What I was asking him about was a recent article he wrote for The Spectator about the expectation on Eddie Redmayne to speak on behalf of transgender people as a result of his role in the film The Danish Girl.
Hollander went on to discuss being “accommodating when it came to my sexuality” early on in his career.
“I was half-pretty and boyish, and a lot of gay people seemed to have influential positions in the theatre,” he wrote. “So I went along with it, up to a point,” he explains, when we meet in Notting Hill, west London, “I wasn’t trying to suggest that I slept my way to the lower-middle, no.”
“Young people are variously desired by older people, whether they’re trying to have sex with them or not. And actors are in the market for selling their appearance. So, you’re very aware if somebody fancies you so you play up to it so that they have a nice time and you get the job. Nothing more than that.”
As it happens his latest character on television, Corcoran, in the BBC’s new adaptation of John Le Carre’s 1993 novel The Night Manager is the gay associate of an arms dealer played by Hugh Laurie.
The lavish and rather excellent series also stars Tom Hiddleston and Olivia Colman, who was Hollander’s wife, Alex, in the sitcom Rev. “I just have to say that I’m not a John le Carré expert by any means,” declares Hollander on arrival, flushed from cycling across town. “Nor am I an enthusiast ... I didn’t go ‘Oh I’ve wanted to do it all my life’, like Hugh Laurie did ... just in case that ticks off any questions”.
If that last remark makes him sound snarky, I should say he’s highly intelligent yet understated and I find myself liking him a lot. He could conduct a very entertaining interview with himself.
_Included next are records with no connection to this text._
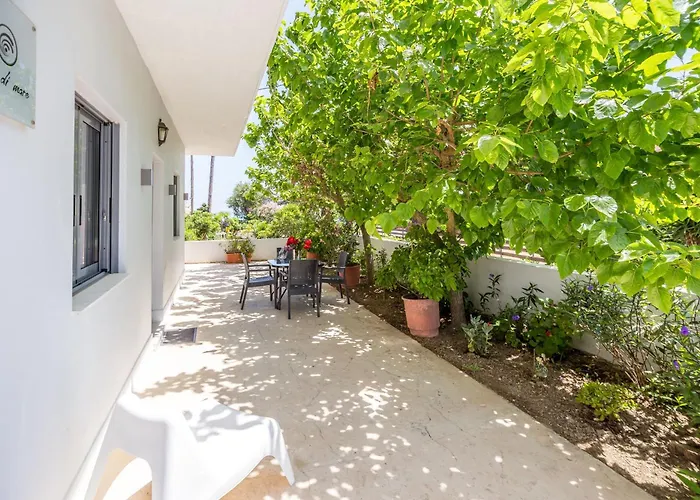 Casa Di Mare - And On The Beach, By Zantewize Apartment *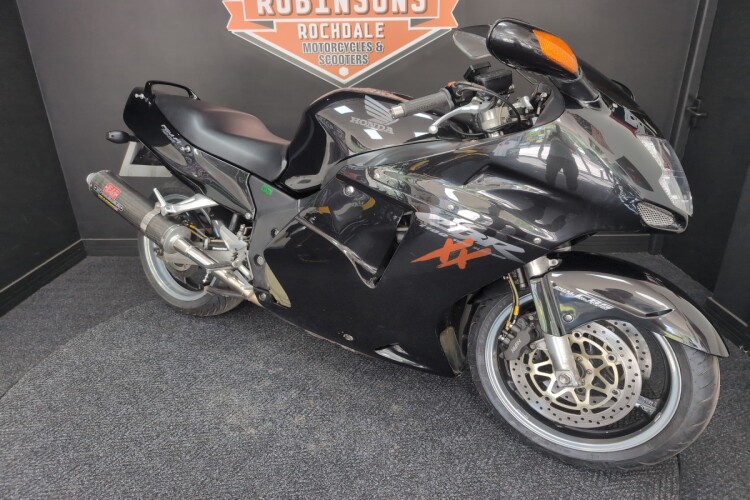 HONDA CBR1100XX SUPER BLACKBIRD
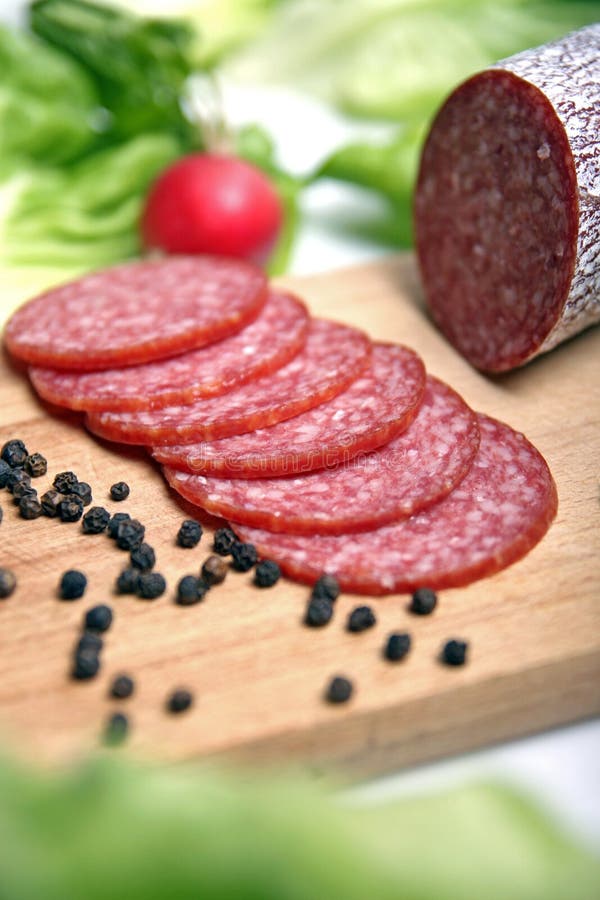 Salami Kiełbasiany Plasterek Zdjęcie Stock Obraz złożonej z kiełbasa, smakowity 78463514
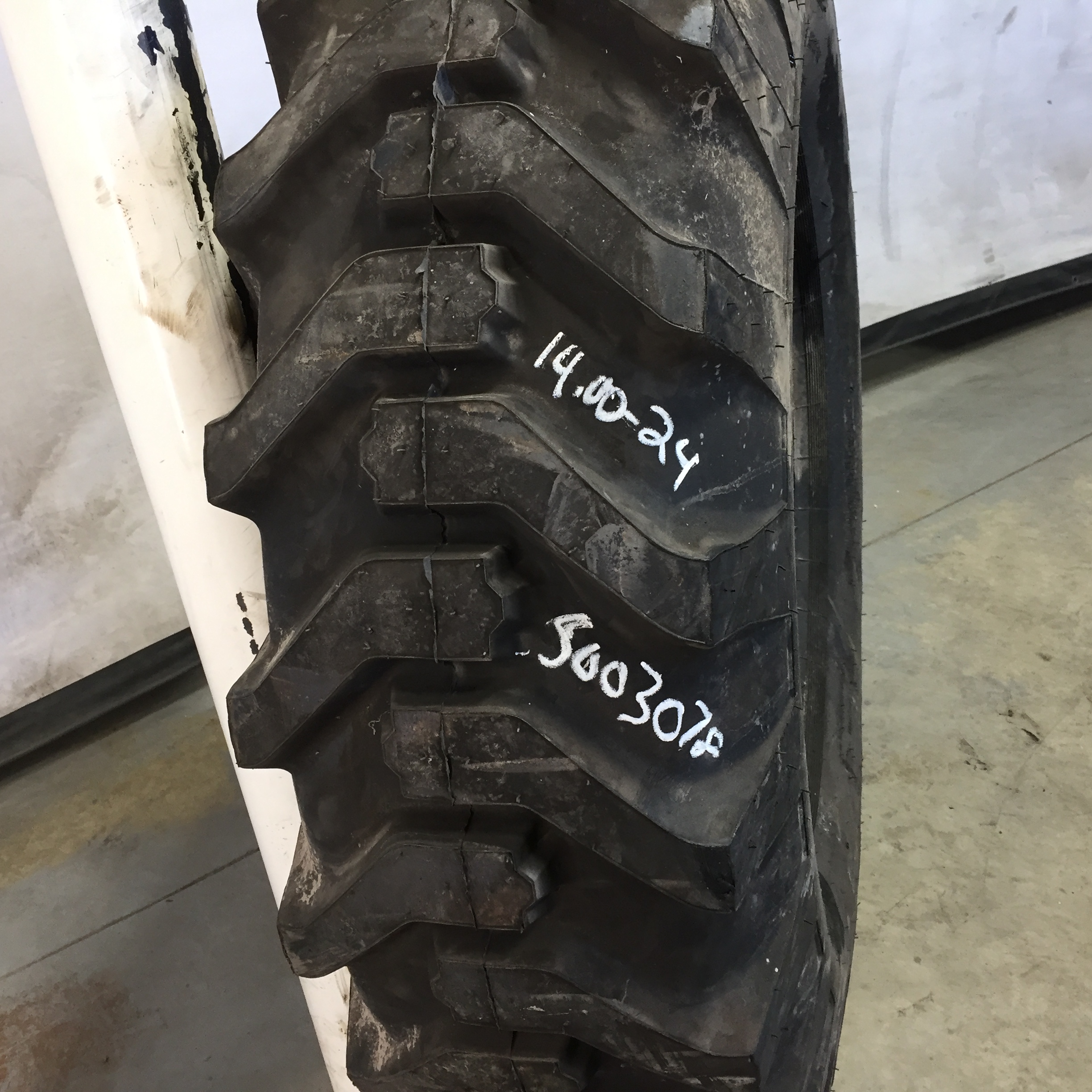 14.00/-24 Miscellaneous Unknown R-4 Tire S003078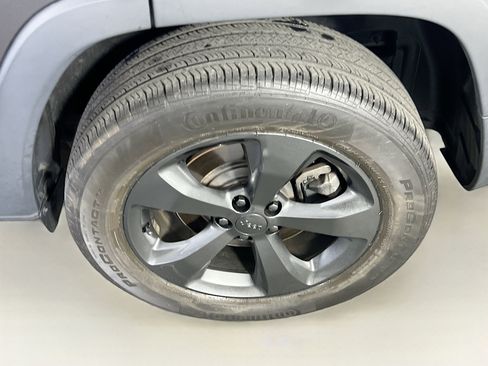 Used 2022 Jeep Cherokee Limited image 30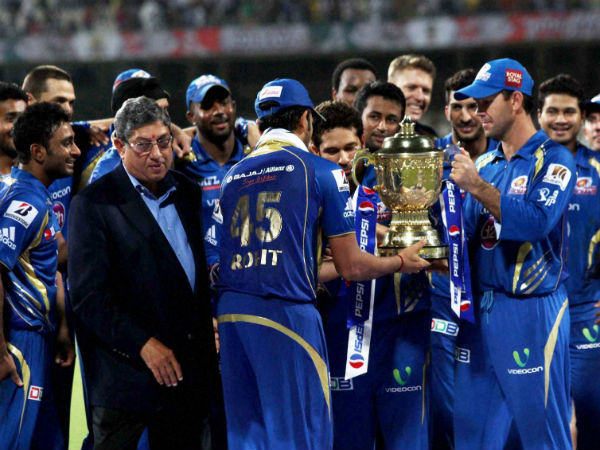 Srinivasan booed by capacity Eden Gardens crowd Srinivasan booed by capacity Eden Gardens crowd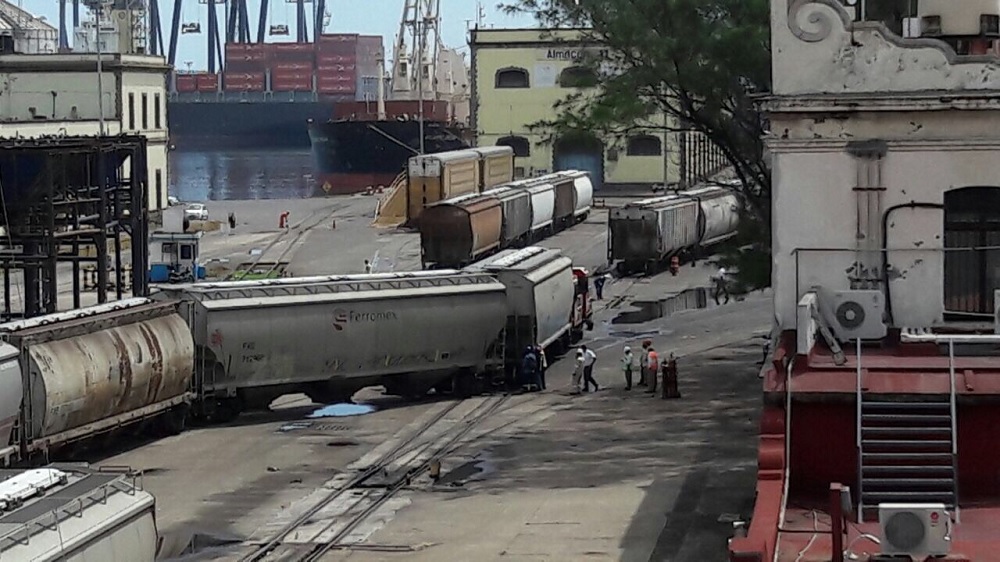 Ferromex atiende descarrilamiento de tren en zona portuaria de Veracruz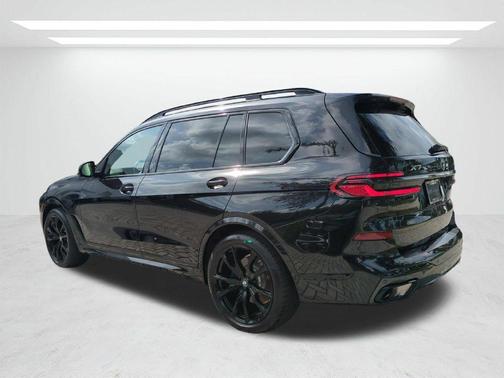 Black Sapphire Metallic 2026 BMW X7 xDrive40i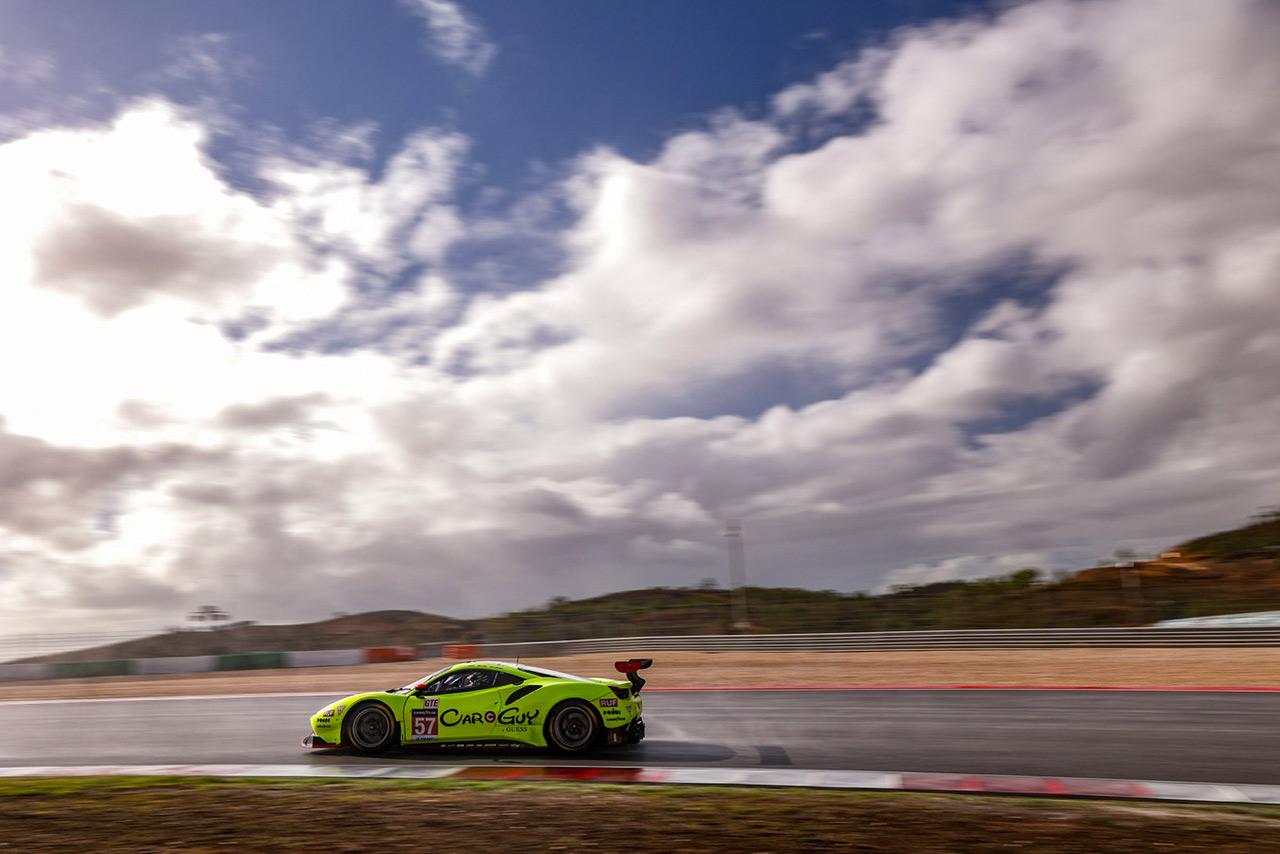 フェラーリ296 GT3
Hollander’s range is also pretty impressive, from comedy (minister Simon Foster from In the Loop and, of course, Rev’s Adam Smallbone) through to costume drama (a repressed George V in Stephen Poliakoff’s The Lost Prince, John Ruskin in BBC2 series Desperate Romantics, and Mr Collins in Joe Wright’s Pride and Prejudice) by way of Guy Burgess, David Cameron and a dying Dylan Thomas. “This pint-sized virtuoso has an absolute protean talent,” declared one critic after seeing an early turn of his, as Baby in Jez Butterworth’s 1995 play Mojo.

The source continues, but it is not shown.